In September 1997, Ron attended the Disney Institute’s Professional Development program, The Disney Approach to Customer Loyalty: Creating Service that Keeps Your Customers Coming Back.

He wrote a three-part series of articles on his experience, and what he learned, which can be accessed on his LinkedIn Influencer blog page, at:

For historical information on Disney University, we drew from the book by Doug Lipp, Disney University: How Disney University Develops the World’sMost Engaged, Loyal, and Customer-Centric Employees (2013).

Van France founded Disney University, which is part of the HR division of Disney, in 1962, seven years after opening Disneyland (the Disney Institute was launched in 1986 and open to the public).

Disney U is the “conscience of the organizational culture,” and Van was instrumental in changing the language: On stage/backstage, Costumes (not uniforms), Audience (not crowds), Theme (not amusement) park, good/bad show.

He wrote a memorandum on September 21, 1962 that challenged Disney’s executives and Cast Members to up their games:

Disneyland will never be completed. We’ve certainly lived up to that promise.

But what about the people who operate it? Are we growing with the show or just getting older?

The trouble with people is that we get hardening of the  mental arteries, cirrhosis of the enthusiasm, and arthritis of the imagination, along with chronic and sometimes acute allergies to supervision, subordinates, the whole darned system.

Is it possible that what we have gained through experience, we have lost through habit, and that what we have gained through organization, we have lost in enthusiasm?

He believed “training is not a car wash” that you simply process employees through.

Ed and I prefer the word “education” instead of “training,” mostly because animals are trained while human beings are educated.

Our late colleague, Paul O’Byrne, used to drive the distinction between these two words home by using a question that you’ll never forget: Would you rather your 13-year-old daughter receive sex training or sex education?

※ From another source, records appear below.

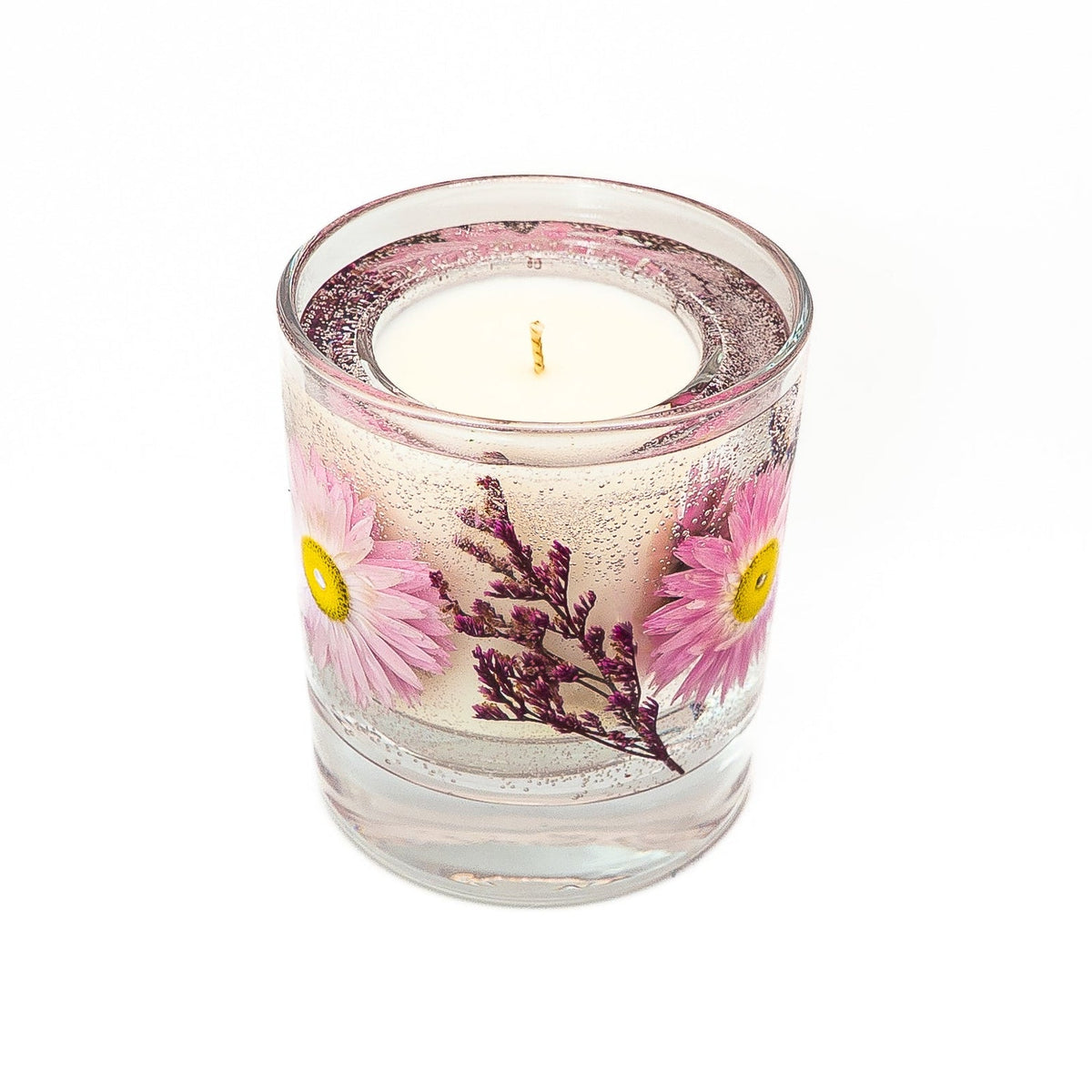 Angled top view of a botanical container candle showing its single wick, soy wax centre and pink flowers within clear gel wax.
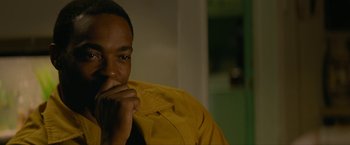 Movie still from “Seberg” (2019), directed by Benedict Andrews – A person with his hand on his chin; Close Up shot, Over the shoulder angle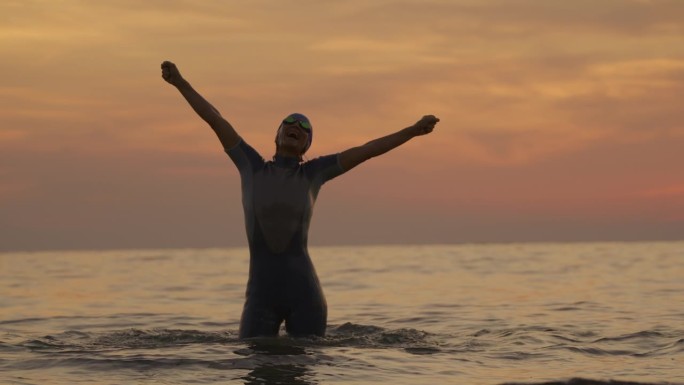 日落时，在海里游泳的活跃女子举起手臂的慢镜头镜头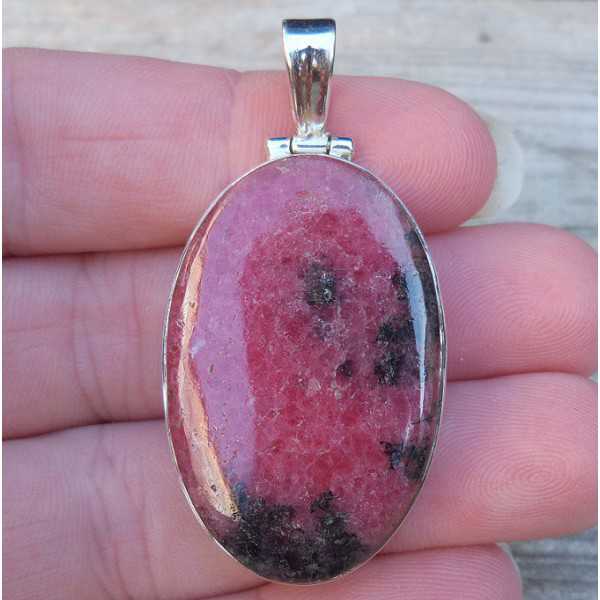 Silver pendant set with oval cabochon Rhodonite 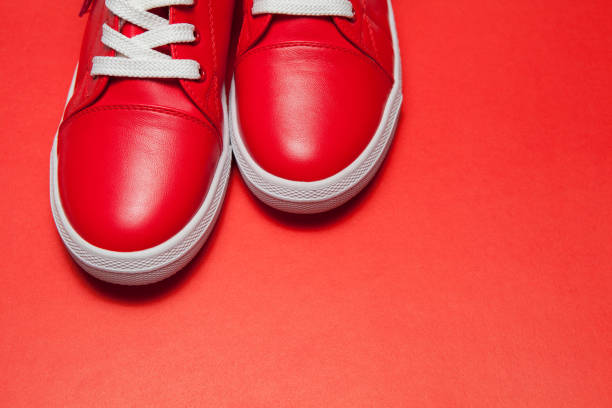 istock Sport red leather sneakers on red background 1291441480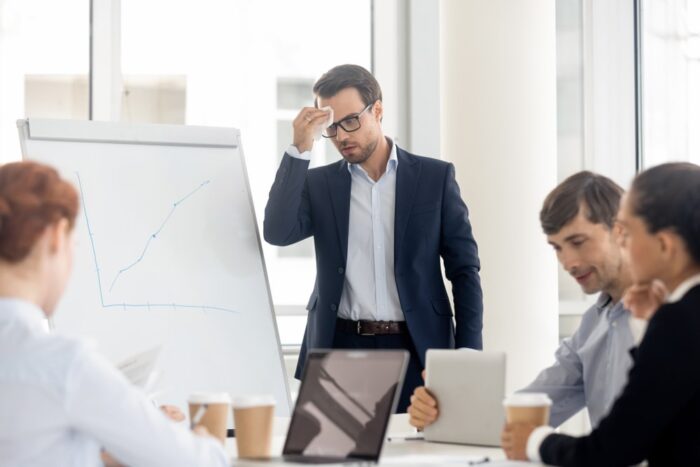 Nervous sweaty public speaker sweating wiping sweat afraid or speaking at presentation, stressed worried businessman presenter feel fear panic attack anxious about speech in front of business people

Disney’s Park Operation Priorities are as follows:

  1. Safety

  2. Courtesy

  3. Show

  4. Capacity/Efficiency—the first 3 ensure this one is sustainable

Notice that efficiency is last, while the first three all deal with effectiveness.

Van also believed that it was as much about attitude as budgets; money may be tight, but creativity is free; and that budgets are the coward’s way out of any problem.

Van’s Model for educational programs: Make it simple, not simplistic; make it enjoyable; design experiential activities that make it memorable.

Be sure to check out our show (#49) with former Disney Executive Lee Cockerell, who was Executive Vice President of Operations for the Walt Disney World Resort for 10 years.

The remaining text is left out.